Since moving into our own space, we’ve seen that just having a physical address adds trusts and boosts validity in clients’ eyes. Collaboration is smoother and we deal with issues right away. We love hosting weekly happy hours. But on a personal level, there’s a clear separation between work and rest. Home is a sanctuary once again—and our kitchen tables are no longer our desks.

8. Processes and systems take time

Give yourself some grace while you get things set up, and expect to bill fewer hours for a little while as you get your systems in place. It’s okay to pause now to lay a better foundation for future growth.

9. Say yes to everything for a bit, then start saying no, unapologetically   

You should always have at least half a dozen things on your to-do list. We give a realistic delivery date, and keep a good roster of trusted subcontractors on-hand. We firmly believe in always feeling 15% overwhelmed—it means our plate will always be full.

But now that we are consistently booked 4–6 weeks out, we raised our rates and it enabled us to be more selective. If a project isn’t a fit, if a client isn’t a fit, or if we know we can’t deliver to a tight deadline, we say no and it feels great.

10. Celebrate often

Create a culture that acknowledges wins: when we land a project over a certain price threshold, when we reach a new profit milestone, when we get great feedback from a famously tough client, we don’t hesitate to pop some bubbly or cut out at 4:30 for celebratory tacos. It means even during tough weeks we have happy moments of connection.

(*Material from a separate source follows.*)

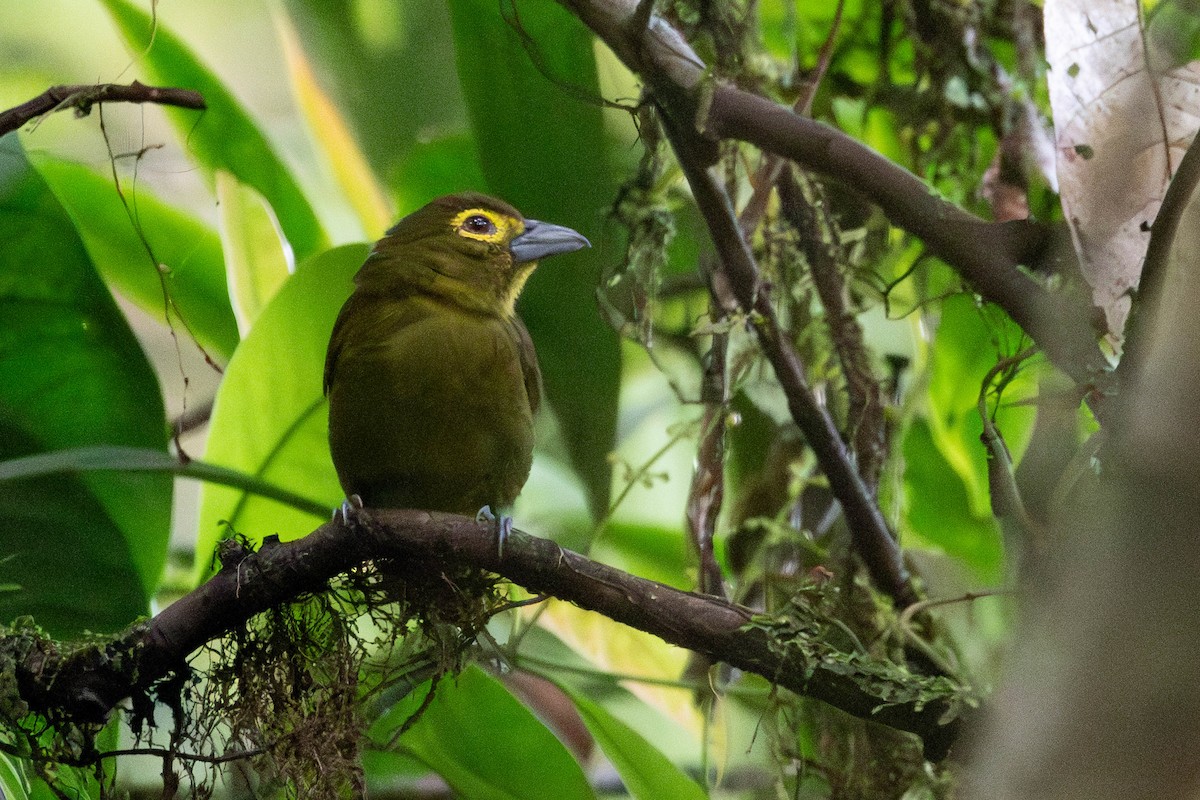 Lemon-spectacled Tanager - ML635348602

11. Even celebrate your f*ck ups

This is actually a lesson we learned from the fine team at Trout + Taylor. Words of Winedom came directly from their weekly “Wine and Wisdom” tradition of sharing what they’ve learned from their mistakes and failures each week. They keep a list of lessons—mistakes they’re unlikely to make again, and they drink to those learnings.

12. Put someone in charge of the plants

All of our plants died in our first six months. We all sort of assumed someone else was on it. They weren’t. With plants and any number of other small things, assign clear ownership. (Big thanks to our admin Francesca for bringing them back to life.)

13. Make friends everywhere

This is advice for absolutely anyone considering self-employment. Introduce yourself, take time with people, have coffees, have lunches. Make people your number one priority, even when you have deadlines. On a recent Tuesday afternoon Amanda worked from a local cafe and ran into four former colleagues—two of them mentioned potential projects they have coming down the line, another suggested a coffee. Showing your face is always worthwhile.

14. Refill your cup

Read books, look at art, do yoga, go to conferences. Take time to look at what others are doing—for inspiration, but also to see what you should aspire to, or to discover you’re doing just fine. As a team we went to SXSW earlier this year. It was a big discretionary expense, but besides filling our heads with big ideas, we got a glimpse at the type of agency we want to grow into and heard from experts in our area who confirmed we’re right on track.  

In six months, we'll look back on this list and have another 50 lessons to add. As your company grows, so will your learnings. Make note of them, celebrate them, and apply them as you move forward. Some of these lessons were hard earned, but they are lessons we wouldn’t trade.